Thanks for the info guys... This is a nice place to be... 

[][][]


----------



## MysticColby (Apr 16, 2012)

So, while searching for a fan for my fume hood, I just came across 'bilge blower'. These seem almost too good to be true for our needs. They are used to suck air out of the engine room on ships. Snippet of info:
"The material that is used for making a bilge blower is mainly plastic. The vents through which the fumes are blown out are made of either plastic or rubber. The main reason plastic and rubber are used is because they are resistant to fire and fumes. The corrosion of the bilge blower due to the exhaust fumes is prevented by using materials like rubber and plastic."
They also have features like 'no spark', and I feel they would want to keep the air as separated from the motor as possible. Some are centrifugal-style, some are fan-style. They seem to be somewhere around 100-300 CF/M (perfect for smaller hoods)
has anyone thought to use these before?


----------



## evL (Apr 16, 2012)

Now that sounds interesting... 
I'll do some searching myself on the 'bilge blower' but 
if you wish to share some links that would be great too. 
Nice idea/find on your part. 

[][][]


----------



## NobleMetalWorks (Apr 16, 2012)

evL said:


> Hello Folks...
> 
> I have done some searching, have some ideas, but I thought I might ask opinions on Fans
> for use in a fume hood. I have read a lot of posts here on fume hoods, good ones I might
> ...



Where are you planning on venting the gasses? Have you thought about a wet fume scrubber? You could use a fume scrubber and reaction vessel or vessels that would take away your fumes and scrub them before going into your vent. Depending on how well your system is designed, and runs, you could potentially be venting air that is over 90% clean, or better. You might want to give this link a read.
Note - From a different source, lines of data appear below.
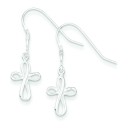 Cross Dangle Earrings in Sterling Silver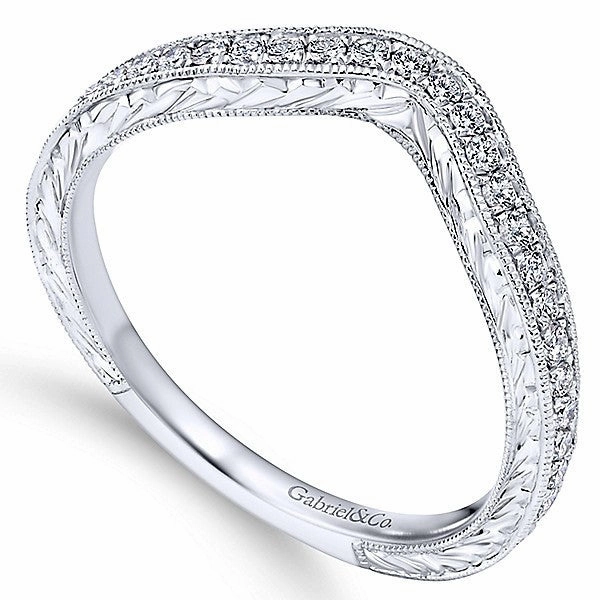 Bead Set Contoured Engraved Shank Diamond Band .19 Cttw 217B Luxury Simplicity Translucent Material
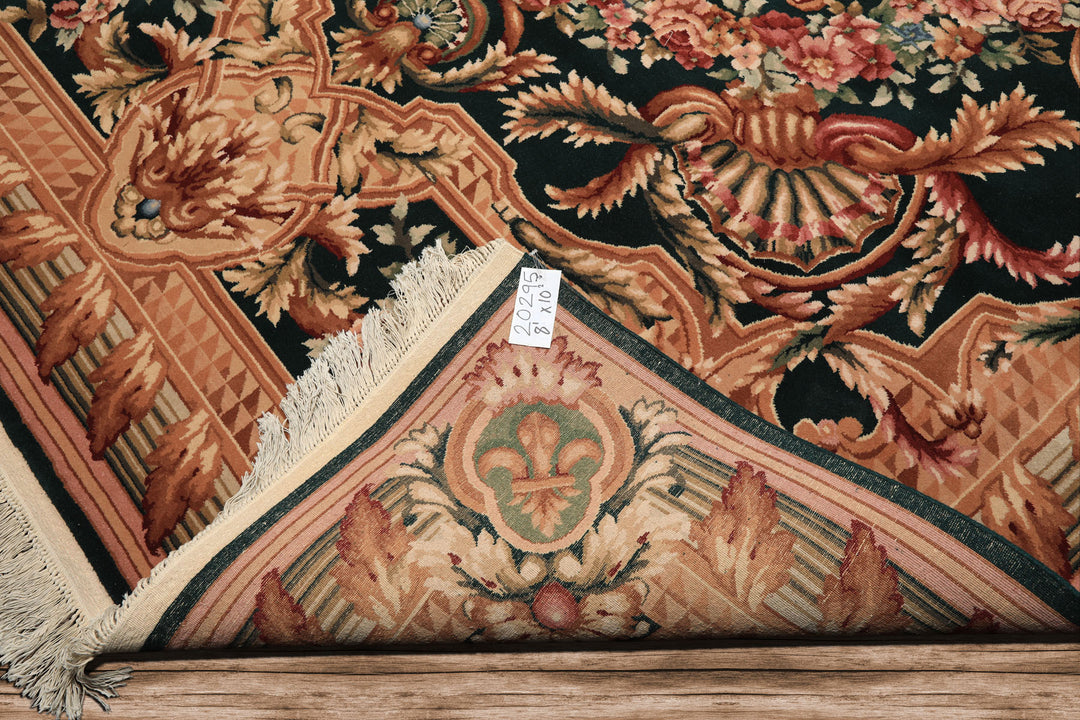 8x10 Emerald, Tan, Brown Color Hand Knotted French Aubusson Savonerrie Wool Traditional Oriental Rug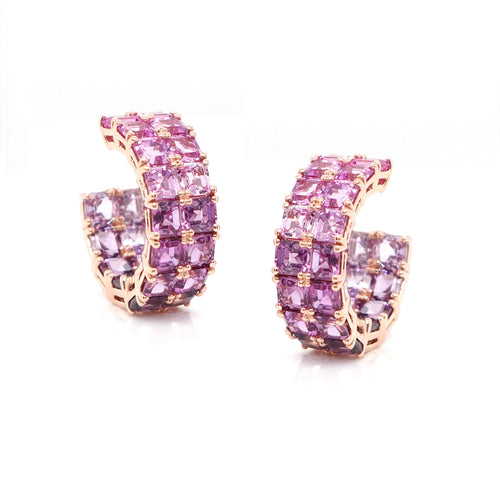 14.23 cts Pink Sapphire Asscher Eternity Hoops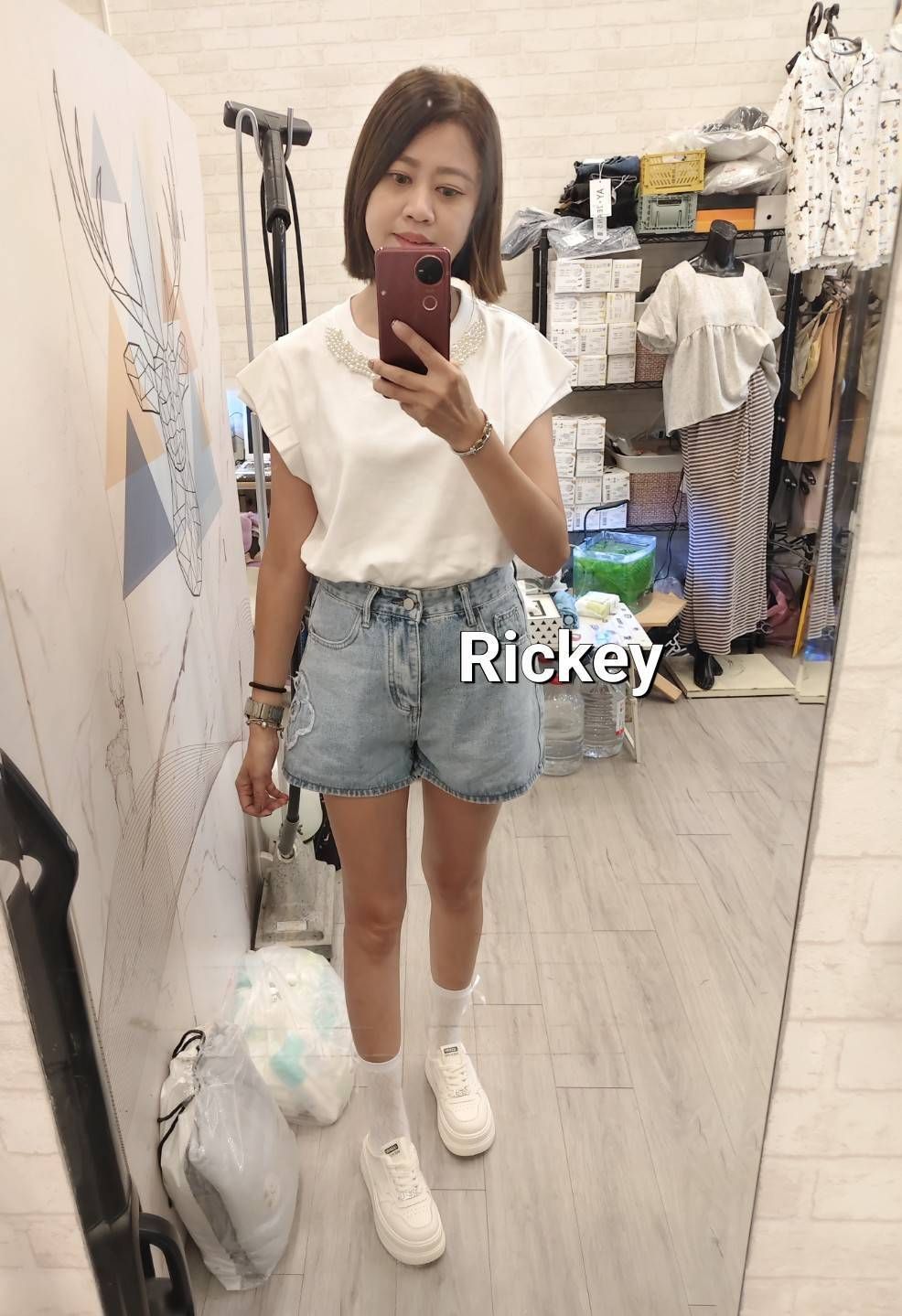 高腰無彈性花朵牛仔短褲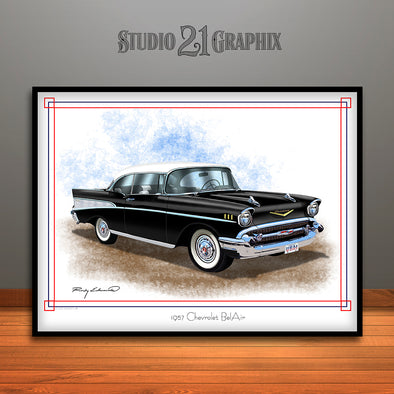 1957 Chevrolet BelAir Muscle Car Art Print Black with White Top by Rudy Edwards
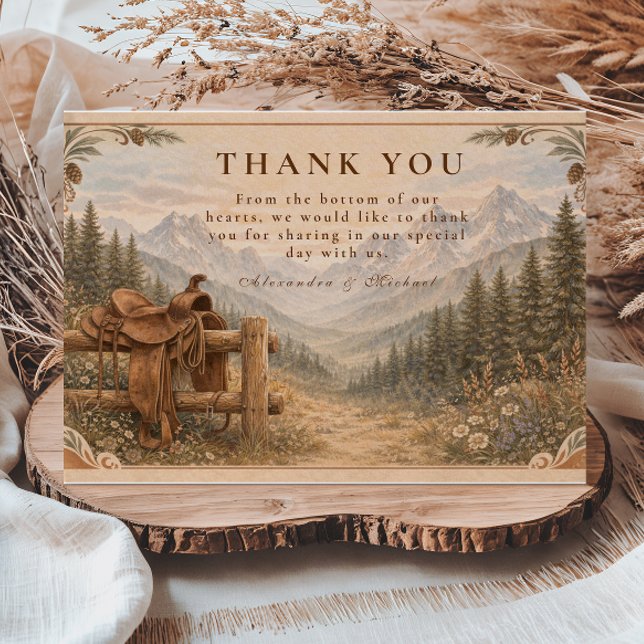 Mountain Forest Western Saddle Wedding Dankeskarte (Von Creator hochgeladen)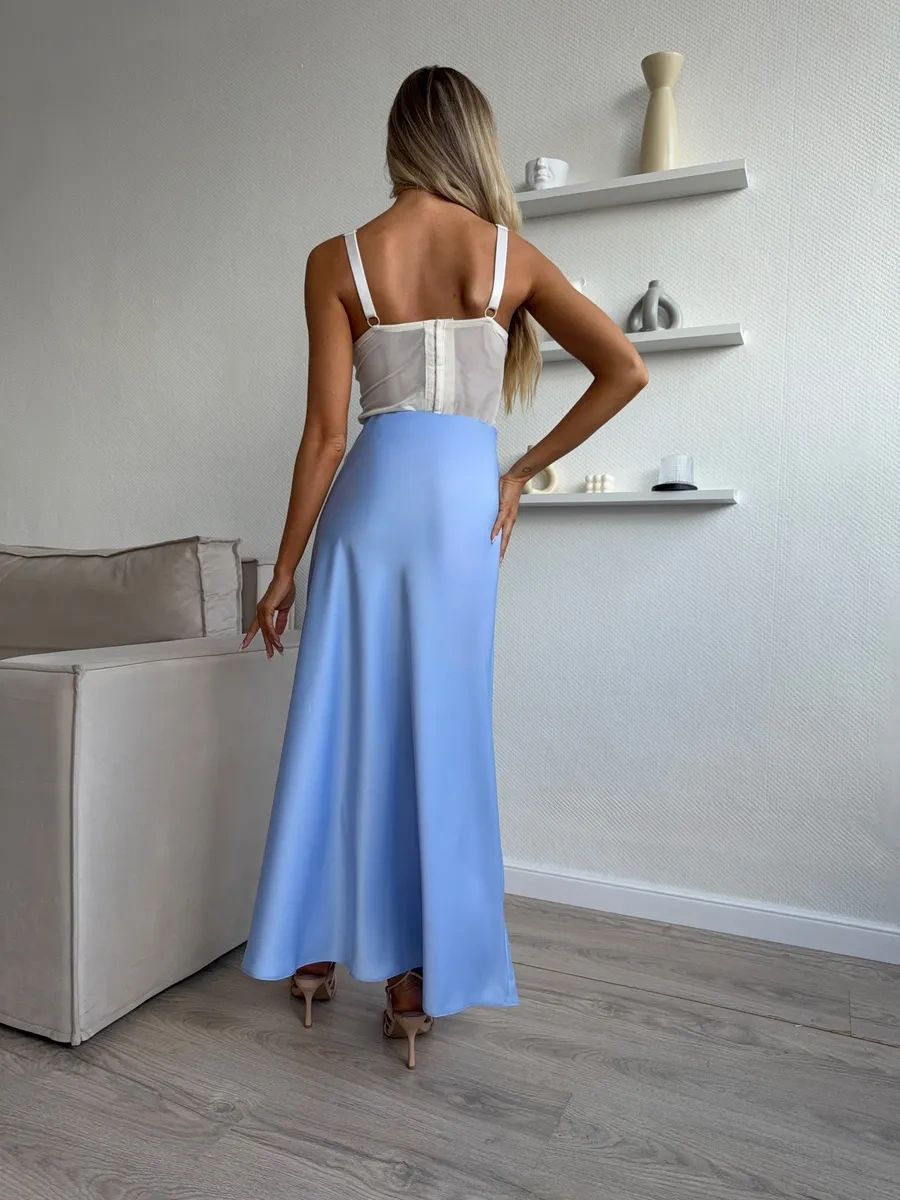 Knitbeat Kadınlar İçin Lastikli Saten Etek 448200513 Açık Mavi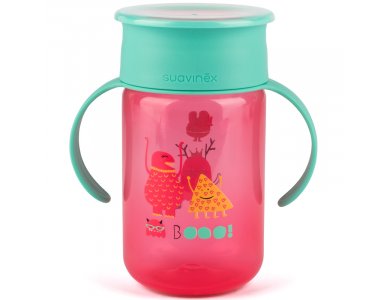 Suavinex Βοοο! Trainer Cup 340 ml, Eκπαιδευτικό παγουράκι Booo! Για νήπια Χρώμα Ροζ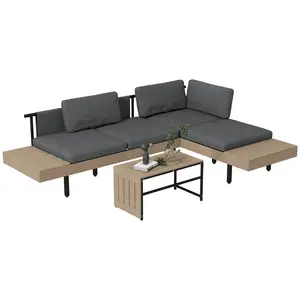 Buy Three-Piece 'L' Garden Sofa Set - Grey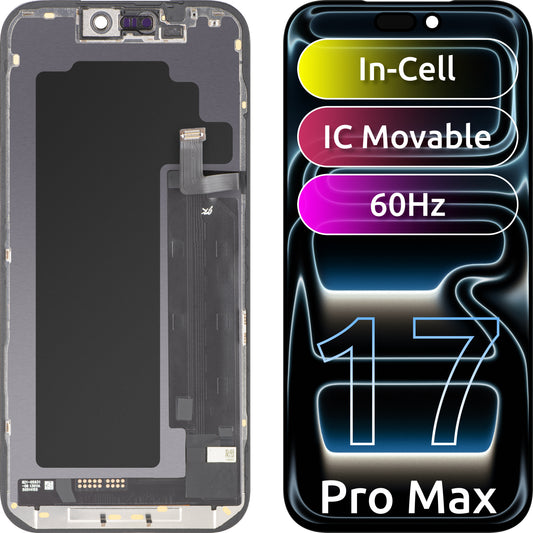 Zaslon s dodirnim zaslonom JK za Apple iPhone 17 Pro Max, s okvirom, verzija LCD In-Cell IC Movable, crna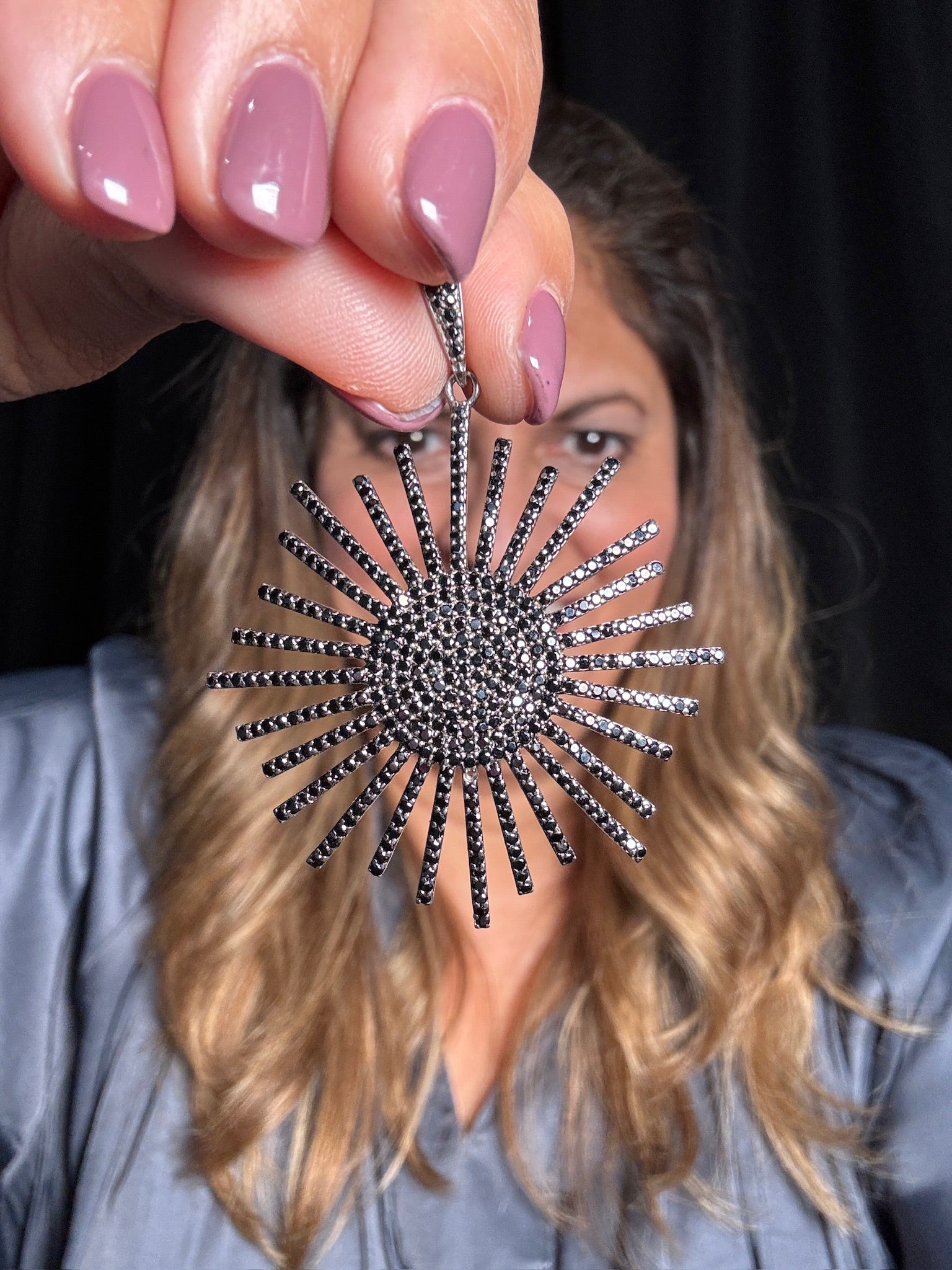 Black Spinel Starburst Pendant | Ulka Rocks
http://goldrefiningforum.com/phpBB3/viewtopic.php?f=40&t=9115&hilit=fume+scrubber


----------



## MysticColby (Apr 17, 2012)

pretty much all I have so far is the name  after that, it's just results from searches for that name on amazon/ebay.

on a similar note, they also have bilge blower vent hose, which is also made of various types of plastic (for those that want flexible exhaust capabilities)


----------



## etack (Apr 18, 2012)

this is also a good post for pics.

http://goldrefiningforum.com/phpBB3/viewtopic.php?f=60&t=9722&start=40

I mentioned the bilge fan and didn't much feed back I always thought it would work

Eric


----------



## evL (Apr 18, 2012)

Holly Mackerel Mr. SBrown, now that was some good reading. Thank you. 

I'll be going back to reading than again I know it. [ Getting through Hoke as well ] 
I'm collecting goods, reading, and getting as prepared as I can for the first small 
procedures. Hence all this 'fan' stuff I am inquiring about. Like I mentioned before, 
plenty of room outdoors for this, but not eight months out of the year when it is 
prone to freezing. Setting up the stage is something that should be thought out. 
I would like to take a month off from work and spend it in that building out in 
the back of the property...

Funny as well, I found an interesting read here on the board and I really need to 
investigate this computer junk that I come across quite frequently before just 
throwing it away. So now Chip investigation is something else that is bugging me 
to look into. CPU's yes, but read up on the possibility of other 'chips'. Ok, getting 
off the subject of this post, I apologize... 

MysticColby, I figured as much and we're looking into it. Etack, picking up what you said. 
I appreciate your input. 

[][][]


----------